Help me solve a problem: I currently have an Airport Extreme Base Station (N) in my office, which is about 30 feet away from my television, Xbox 360, et al. The AEBS is currently serving wifi in mixed N/G/B mode, because everything in the entertainment center (save the Apple TV), and my iPhone, is only G capable. Of course, this creates a far slower network. I’d like to have everything in the living room, particularly the Xbox 360 and Apple TV, running as fast as they can because I play Xbox Live and I sync loads of content to the Apple TV (and imagine syncing more in the future with rentals and HD stuff).

Today, my Xbox wireless adapter died. It will cost $99 to replace. That made me realize that now is the time to either buck up and buy a replacement, or spend a little more and solve my problem.

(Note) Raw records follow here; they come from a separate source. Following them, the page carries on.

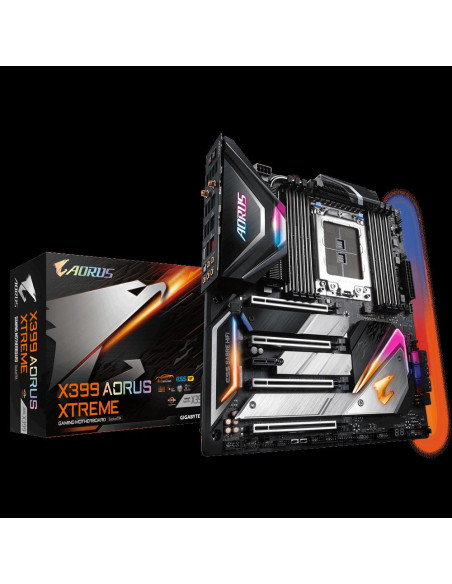 Placa de baza Gigabyte X399 AORUS XTREME, Socket TR4,X399 AORUS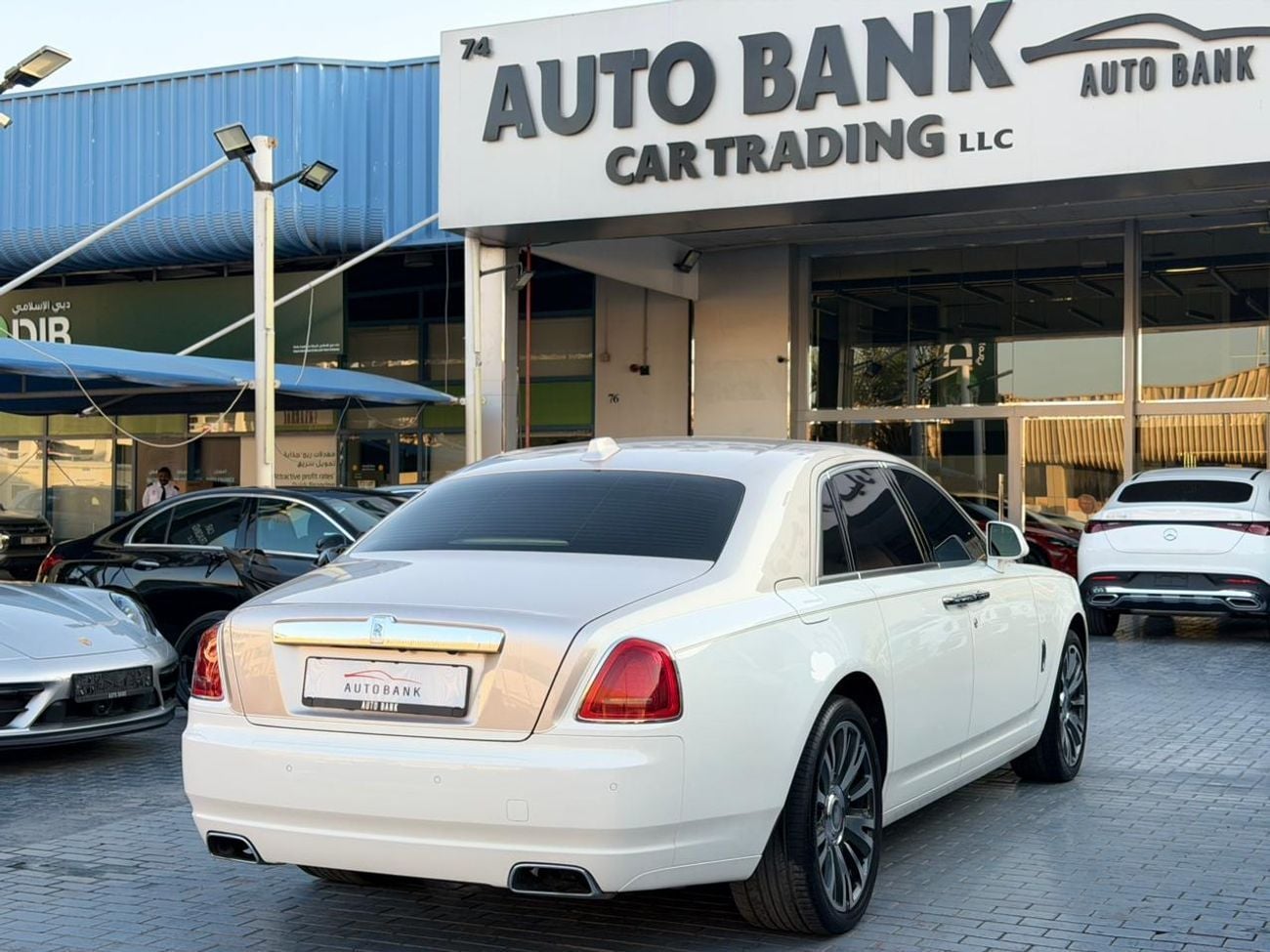 Rolls Royce Ghost SWB Std 6.6L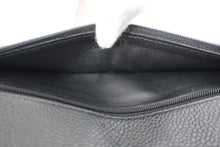 将图片加载到图库查看器,CHANEL/香奈儿 CF 双盖 双链条包 荔枝皮 Black/Silver hardware(黑色/银色金属) 肩背包 800090131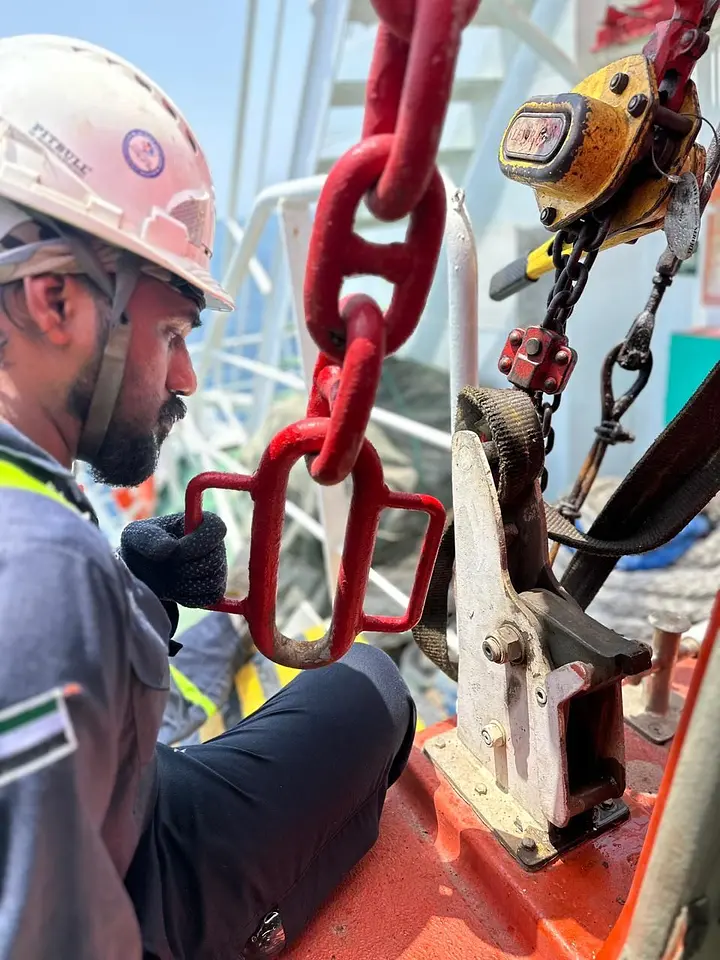Annual Inspection of Lifeboat Systems – Fujairah Anchorage, photo 9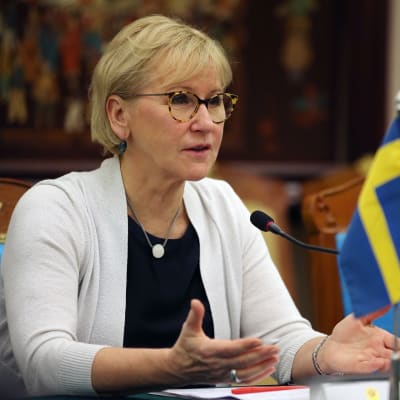 Ruotsin ulkoministeri Margot Wallström.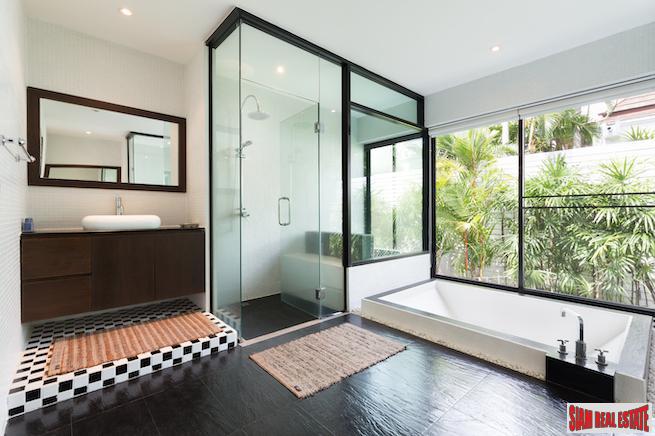 Baan Thai Surin Garden | Stylish Three Bedroom Pool Villa near Surin Beach-9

I cannot run ethernet cable to the living room, unfortunately. That’d be my best option, but it’s out.

Here’s what I propose, but I don’t know if it will work: I switch my current AEBS to N-only mode and then I buy another AEBS and have it set to extend the current network and place it behind the TV. I plug the Xbox, TiVo and PS3 directly into the new AEBS. The base station only has three ethernet ports, so I wouldn’t be able to plug the Wii in. But, to be honest, I very rarely use the internet features of the Wii so I might be willing to sacrifice them.

Of course, this also means the iPhone won’t have wifi in the apartment. But at this point, if it’s the only thing holding me back from having a good, solid connection to Xbox live and such, I’m willing to use EDGE in the apartment.

I could also get a non-Apple wifi router and use that instead. My fear with that is that it won’t play nice, as I’ve experienced in the past. Does anyone out there have good advice?

Remember: The goal is to get all of the stuff in my living room hooked up to the fastest possible connection (in this case, ethernet on an N network).

24-inch iMac 2.4GHz Core 2 Duo, 4GB RAM, Mac OS X (10.5.1)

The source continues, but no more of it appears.